• **WHAT YOU SHOULD DO**: Please return the records below exactly as they stand, with the pictures removed.

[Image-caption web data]
※

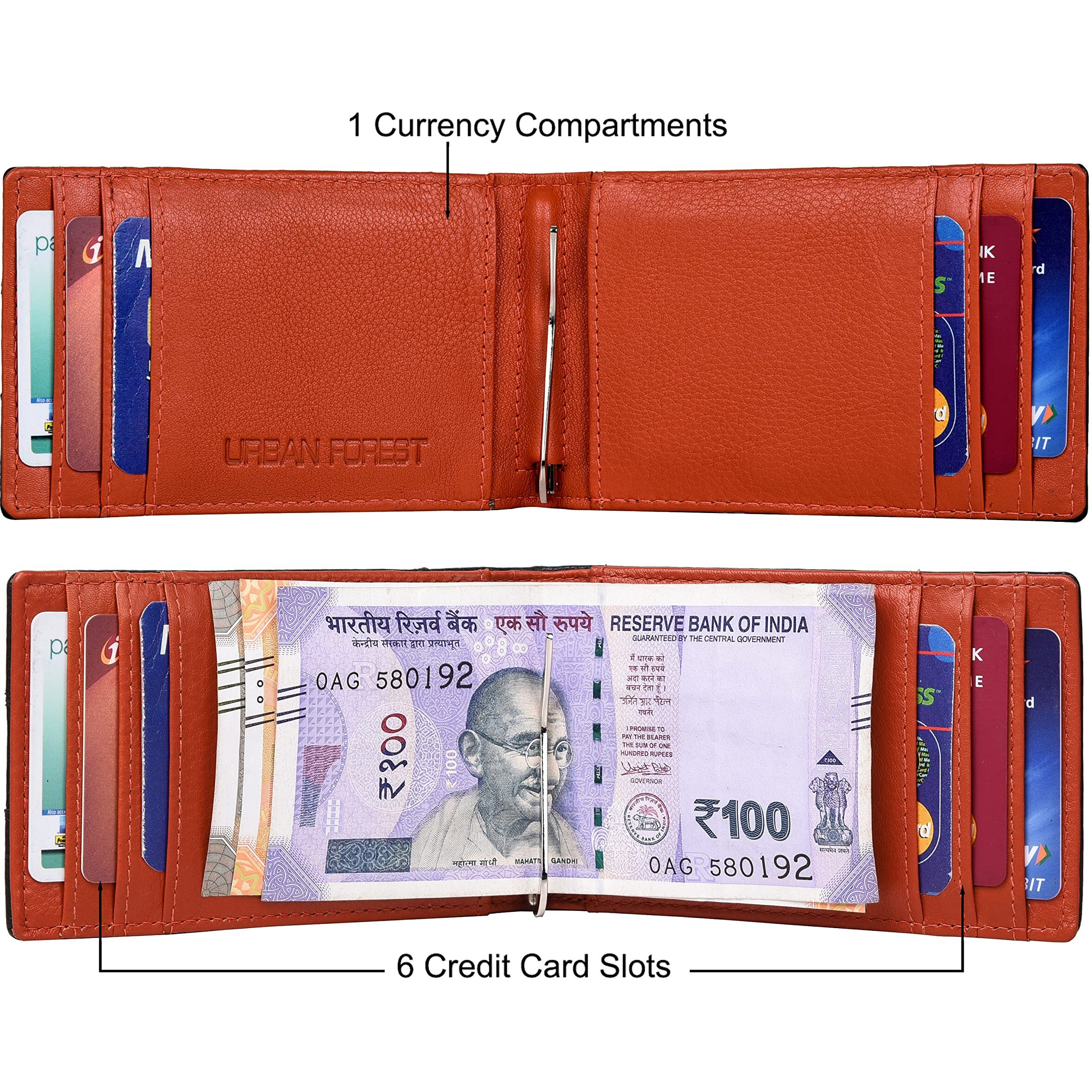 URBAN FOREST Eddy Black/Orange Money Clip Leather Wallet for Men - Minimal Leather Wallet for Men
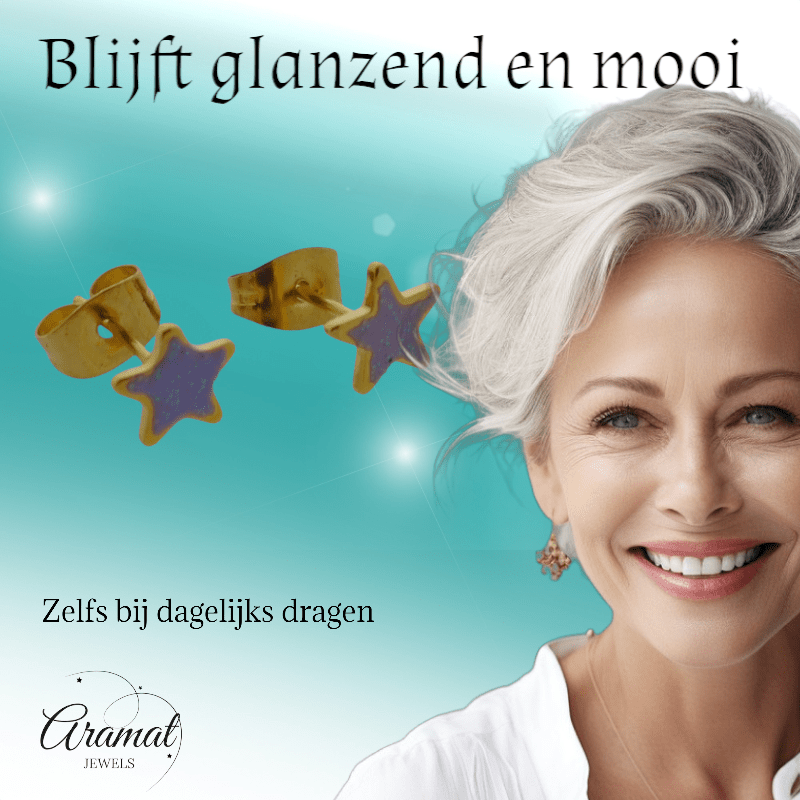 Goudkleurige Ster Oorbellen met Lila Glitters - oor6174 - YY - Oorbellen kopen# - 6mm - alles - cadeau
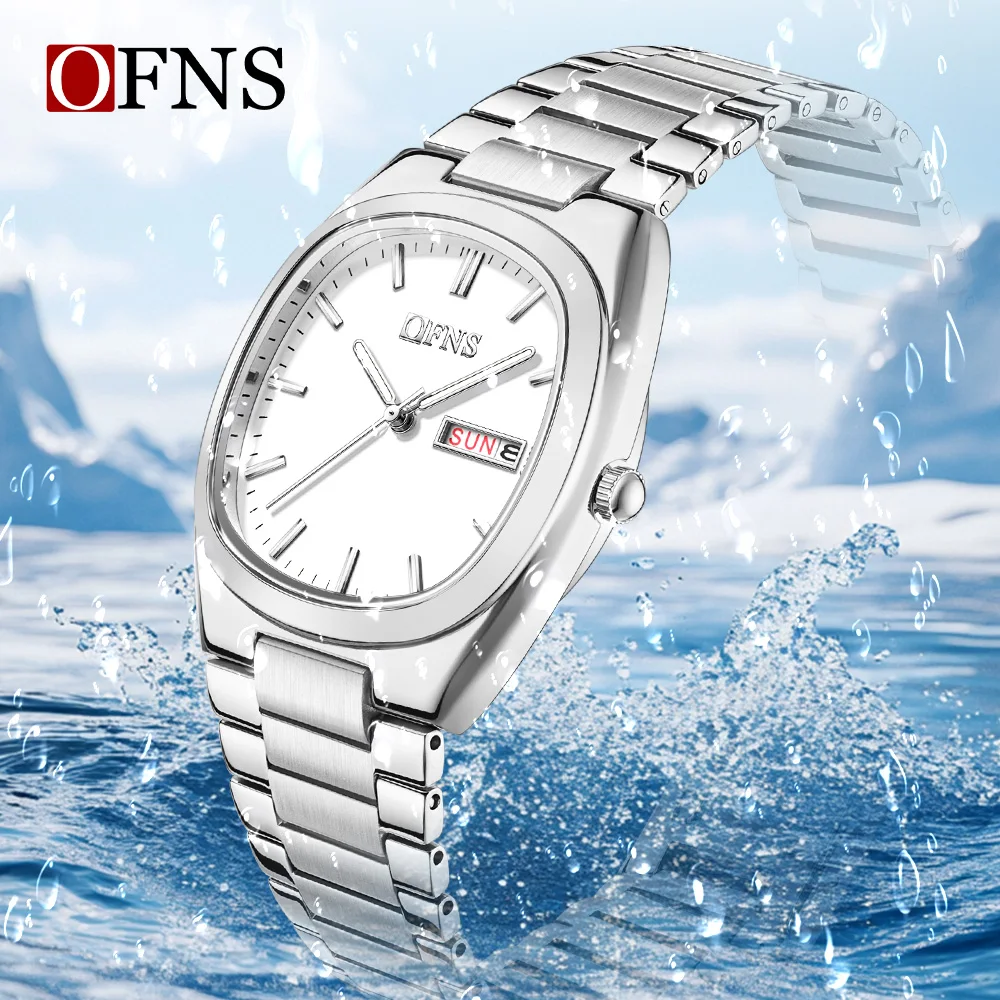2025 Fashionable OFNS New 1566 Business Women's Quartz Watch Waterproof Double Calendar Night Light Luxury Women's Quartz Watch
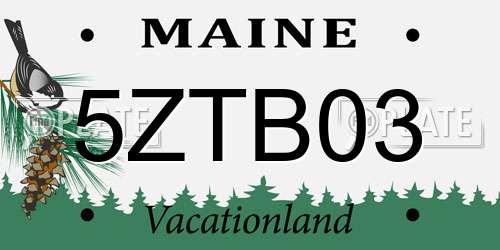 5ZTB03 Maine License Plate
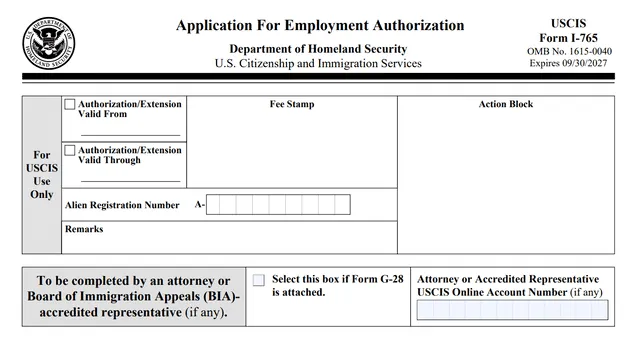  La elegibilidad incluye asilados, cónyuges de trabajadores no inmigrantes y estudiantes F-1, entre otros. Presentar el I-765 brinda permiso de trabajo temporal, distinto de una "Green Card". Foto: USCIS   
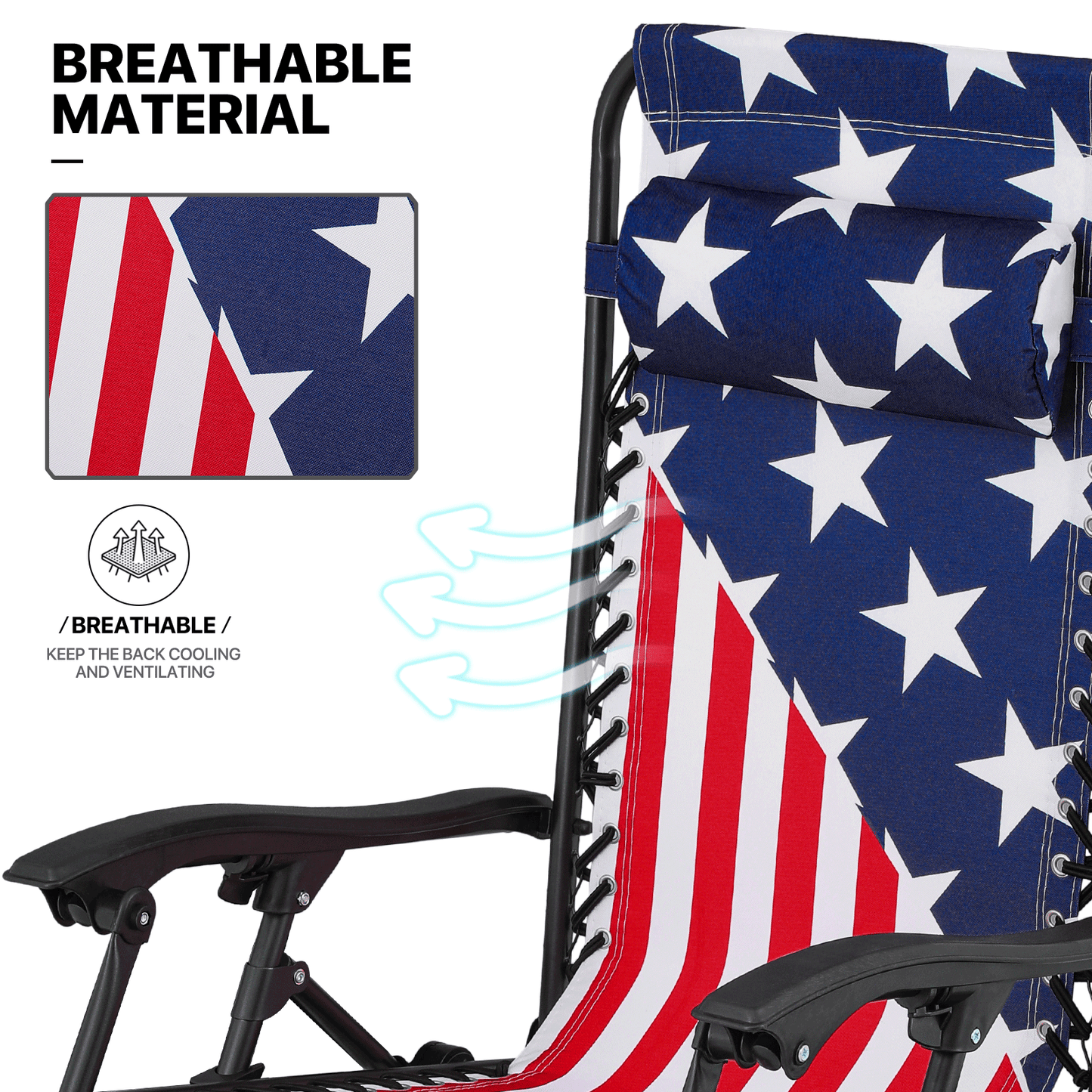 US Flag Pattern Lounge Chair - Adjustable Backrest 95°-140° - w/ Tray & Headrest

※

• **EXERCISE RESULT**:
 URBAN FOREST Eddy Black/Orange Money Clip Leather Wallet for Men - Minimal Leather Wallet for Men
 Goudkleurige Ster Oorbellen met Lila Glitters - oor6174 - YY - Oorbellen kopen# - 6mm - alles - cadeau
2025 Fashionable OFNS New 1566 Business Women's Quartz Watch Waterproof Double Calendar Night Light Luxury Women's Quartz Watch
 5ZTB03 Maine License Plate
  La elegibilidad incluye asilados, cónyuges de trabajadores no inmigrantes y estudiantes F-1, entre otros. Presentar el I-765 brinda permiso de trabajo temporal, distinto de una "Green Card". Foto: USCIS   
 US Flag Pattern Lounge Chair - Adjustable Backrest 95°-140° - w/ Tray & Headrest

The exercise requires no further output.